Geochemical and isotope characterization of geothermal spring waters in Sri Lanka: Evidence for steeper than expected geothermal gradients

Seven geothermal springs from the Precambrian high-grade metamorphic terrain of Sri Lanka were investigated to assess their formation processes and to determine reservoir temperatures based on their chemical compositions. Silica-based geothermometric calculations for the Marangala and Nelumwewa springs showed the highest average reservoir temperatures of 122 °C and 121 °C, respectively. Samples of low temperature (<35 °C) groundwater from nearby springs, piezometers and open wells were also collected for comparison. All samples were analyzed for their major and trace element compositions as well as stable isotope ratios 2H/1H and 18O/16O (expressed as δ2HH2O and δ18OH2O). Discharge temperatures of the thermal waters varied from 39–62 °C. These waters showed low concentrations of selected trace elements (Fe < 0.09; Mn < 0.04; Cu < 0.01; Cr < 0.01; As < 0.025 mg/L)) and were also comparable to that of non-geothermal groundwaters. Stable isotope compositions of geothermal waters ranged from −6.5 to −5.0‰ for δ18OH2O and between −39 ‰ to −28 ‰ for δ2HH2O. In the non-geothermal waters, the isotope values were almost identical within the analytical uncertainties of 0.1‰ and 1‰ for δ2HH2O and δ18OH2O, respectively. In addition, all isotope ratios of geothermal and non-geothermal water samples scattered around the local meteoric water lines for the dry and intermediate climatic regions of Sri Lanka, thus indicating origin from precipitation without further influences of evaporation or water rock interaction.

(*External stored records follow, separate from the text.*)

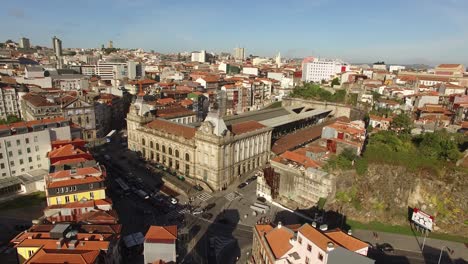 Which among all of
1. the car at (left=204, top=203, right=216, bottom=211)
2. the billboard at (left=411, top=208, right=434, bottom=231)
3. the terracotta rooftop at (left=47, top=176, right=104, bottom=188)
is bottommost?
the car at (left=204, top=203, right=216, bottom=211)

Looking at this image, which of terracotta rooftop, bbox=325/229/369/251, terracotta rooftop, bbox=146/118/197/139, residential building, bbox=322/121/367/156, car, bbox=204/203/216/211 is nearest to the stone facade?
terracotta rooftop, bbox=146/118/197/139

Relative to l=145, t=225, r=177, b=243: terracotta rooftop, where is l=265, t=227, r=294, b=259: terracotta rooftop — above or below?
below

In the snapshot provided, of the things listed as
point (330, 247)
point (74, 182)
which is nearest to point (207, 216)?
point (74, 182)

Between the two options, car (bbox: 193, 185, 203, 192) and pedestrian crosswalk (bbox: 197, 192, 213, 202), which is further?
car (bbox: 193, 185, 203, 192)

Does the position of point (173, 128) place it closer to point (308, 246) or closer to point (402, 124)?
point (308, 246)

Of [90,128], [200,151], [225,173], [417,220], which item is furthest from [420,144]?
[90,128]

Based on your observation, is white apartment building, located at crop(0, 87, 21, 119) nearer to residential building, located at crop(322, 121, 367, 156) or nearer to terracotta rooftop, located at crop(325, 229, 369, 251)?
residential building, located at crop(322, 121, 367, 156)

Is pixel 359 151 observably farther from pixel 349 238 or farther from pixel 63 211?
pixel 63 211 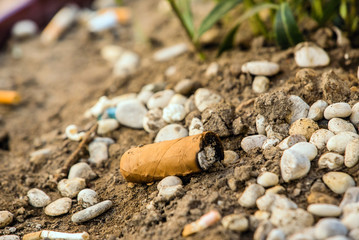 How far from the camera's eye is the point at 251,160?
1389mm

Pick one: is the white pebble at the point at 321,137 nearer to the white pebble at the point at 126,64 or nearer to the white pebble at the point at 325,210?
the white pebble at the point at 325,210

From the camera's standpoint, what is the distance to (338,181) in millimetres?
1192

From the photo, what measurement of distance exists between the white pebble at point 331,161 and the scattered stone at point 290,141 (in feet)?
0.37

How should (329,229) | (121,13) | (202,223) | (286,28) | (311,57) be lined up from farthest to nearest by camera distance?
(121,13) → (286,28) → (311,57) → (202,223) → (329,229)

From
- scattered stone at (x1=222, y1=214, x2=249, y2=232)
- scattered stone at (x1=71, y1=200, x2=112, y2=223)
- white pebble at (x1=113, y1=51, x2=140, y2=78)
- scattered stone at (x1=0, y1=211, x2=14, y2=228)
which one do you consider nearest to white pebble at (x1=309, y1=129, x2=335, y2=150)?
scattered stone at (x1=222, y1=214, x2=249, y2=232)

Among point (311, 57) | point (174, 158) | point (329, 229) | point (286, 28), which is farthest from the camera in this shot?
point (286, 28)

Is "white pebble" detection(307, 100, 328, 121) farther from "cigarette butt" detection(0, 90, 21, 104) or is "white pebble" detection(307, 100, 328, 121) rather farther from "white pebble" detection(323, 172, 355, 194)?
"cigarette butt" detection(0, 90, 21, 104)

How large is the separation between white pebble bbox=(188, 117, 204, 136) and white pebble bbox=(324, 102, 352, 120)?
0.46m

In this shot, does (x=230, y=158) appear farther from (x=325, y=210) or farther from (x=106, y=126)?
(x=106, y=126)

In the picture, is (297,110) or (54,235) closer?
(54,235)

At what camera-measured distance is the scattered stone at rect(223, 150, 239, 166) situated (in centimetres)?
143

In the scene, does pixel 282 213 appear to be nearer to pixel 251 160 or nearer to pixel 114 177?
pixel 251 160

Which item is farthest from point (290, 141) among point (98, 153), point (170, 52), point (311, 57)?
point (170, 52)

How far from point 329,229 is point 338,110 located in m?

This similarity to the local meteoric water lines also makes influences of seawater an unlikely factor. Close matches of geochemical and isotope data from geothermal and corresponding non-geothermal waters confirm the hypothesis of a common source. The proposed model for Sri Lanka subsurface waters is that rainfall from the dry and/or intermediate climatic zones percolates with little time delay downward through structurally weaker zones in high-grade metamorphic rocks. They are subsequently heated by steep or heterogeneous geothermal gradients that are most likely associated with the Highland–Vijayan thrust zone.